Est-ce que nos grand-mères avaient l’habitude d’aller discuter avec leurs petits amis en bord de mer ? Non. Elles n’allaient d’ailleurs pas non plus à l’université ni ne cherchaient à rentrer à la Présidence de la République. Elles ne se seraient pas approchées d’Ismet Inönü (compagnon et successeur d’Atatürk, ndlr), le chef de la Nation.
Le voile, quant à lui, représente une étape intermédiaire dans le processus d’émancipation de la femme.
Mais un maire AKP se met en tête de prévenir de tels comportements, s’approche des jeunes couples et leur fait dire « attention, ce n’est pas bien ». C’est une affaire fausse et grave. D’autant que parmi les jeunes avertis figuraient une jeune femme voilée.
Quoi qu’il en soit, ces évènements tendant à séparer la femme de l’homme se vivent sous des administrations d’inspiration islamiste. Les interventions se font en référence à une culture traditionnelle. Pouvoir croire que les gens sont en mesure de mener une vie conforme aux attentes des responsables et décideurs politiques, est-ce encore une manière de penser propre à l’AKP ?

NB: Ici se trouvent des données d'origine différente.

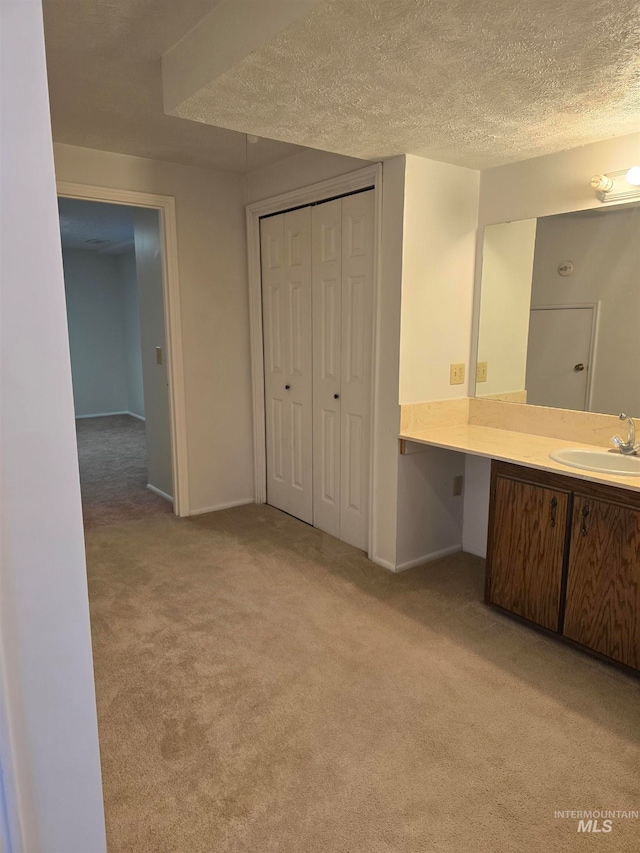 bathroom with vanity and a textured ceiling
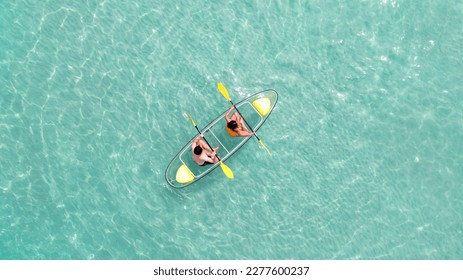 Asian couple travel Pataya by use kayak boat togather on on clean sea water from top view in Thailand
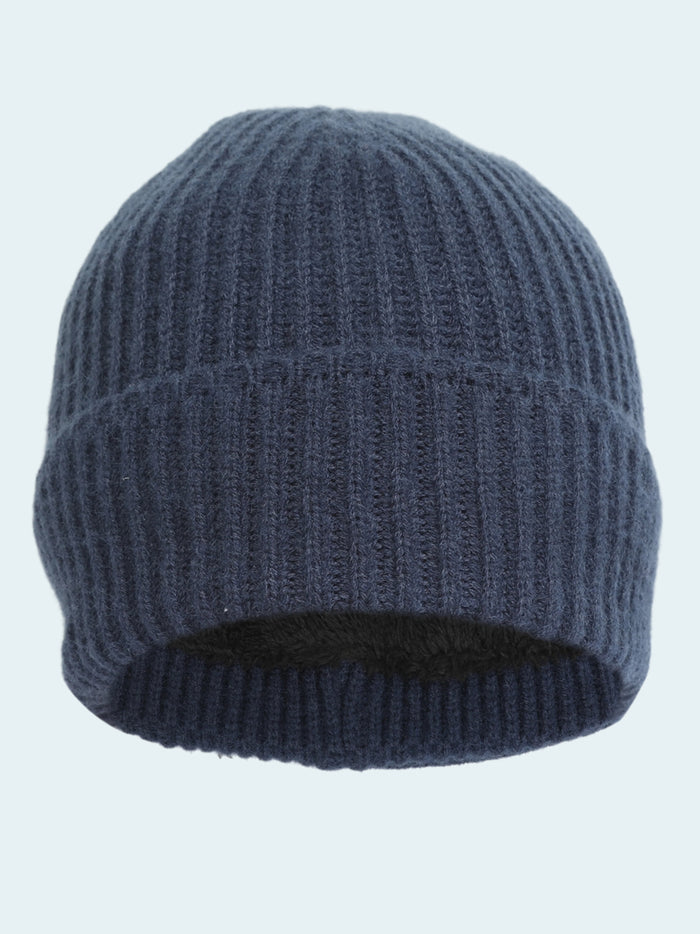 Blue knit beanie on a white background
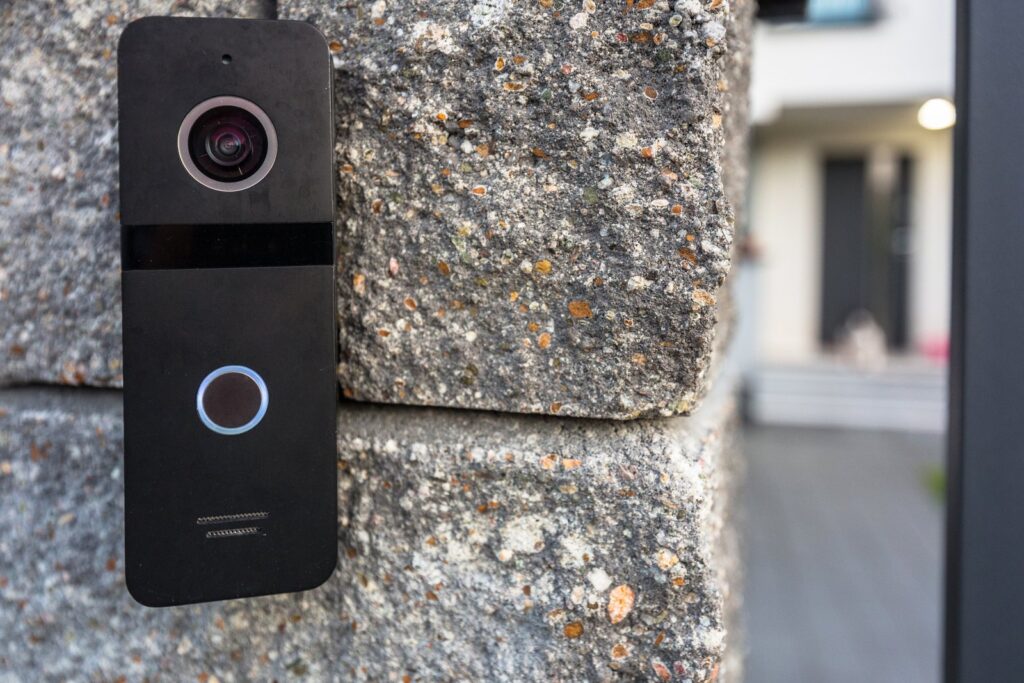 Ring doorbell camera mounted outside a home, capturing footage of the street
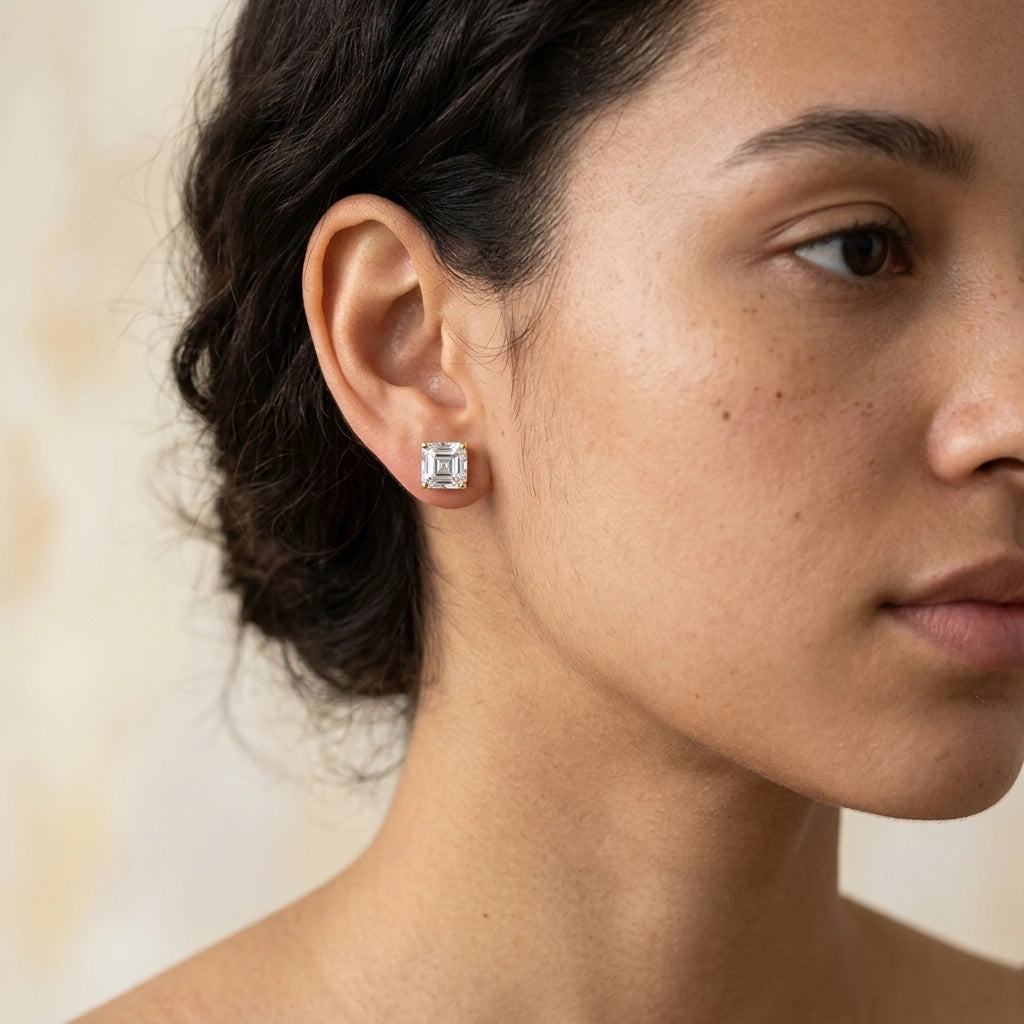 Woman wearing a 2ct asscher cut moissanite stud earring in yellow gold, close up on the earlobe - Sensitive Stones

Il existe des cercles au sein de l’AKP qui ressentent de la sympathie pour de telles démarches. Mais la majorité pense désormais que l’Etat n’a pas à se mêler des affaires privées, n’a pas la légitimité nécessaire pour forcer les gens à fuir ou se cacher, n’a tout simplement pas vocation à faire pression sur les citoyens. Par ailleurs, ce débat sur l’adultère na pas trouvé le soutien de la majorité au sein de l’AKP. En pensant que le pouvoir public qui se mêle aujourd’hui de la police des relations conjugales peut demain se croire autorisé à intervenir sur l’aspect vestimentaire, sur la façon de se couvrir ou non la tête, la majorité des conservateurs en vient à la conclusion que la meilleure solution consiste, en fait, à laisser chacun vivre de la façon qu’il entend.
D’ailleurs, l’islamisme turc est complètement différent de ce que l’on peut connaître dans le reste du monde musulman. L’Islam pratiqué chez nous est foncièrement plus libéral. Vouloir que les gens se comportent en fonction des directives émises par le pouvoir politique constitue une manière d’ingénierie sociale que les conservateurs turcs récusent.
Si les orientations sont fondamentalement différentes entre l’islamisme et le kémalisme, en pratique on trouve de nombreuses ressemblances. Les deux idéologies proposent d’utiliser le pouvoir d’Etat : l’un selon le schéma de l’Islam politique, l’autre selon un schéma positiviste imposé au quotidien des citoyens. Il en est ainsi du bolchévisme comme du baassisme.
Les déclarations du premier ministre relatives à l’adultère comme les interdits énoncés par le maire de Samsun à l’encontre des jeunes, révèlent-ils le vrai visage de l’AKP ?
(en pleine crise de l’adultère, le maire AKP de Samsun, Mer Noire, devait donner consigne à sa police municipale de « surveiller de près » les jeunes couples sur le front de mer. Face au scandale, il devait finalement faire machine arrière, ndlr)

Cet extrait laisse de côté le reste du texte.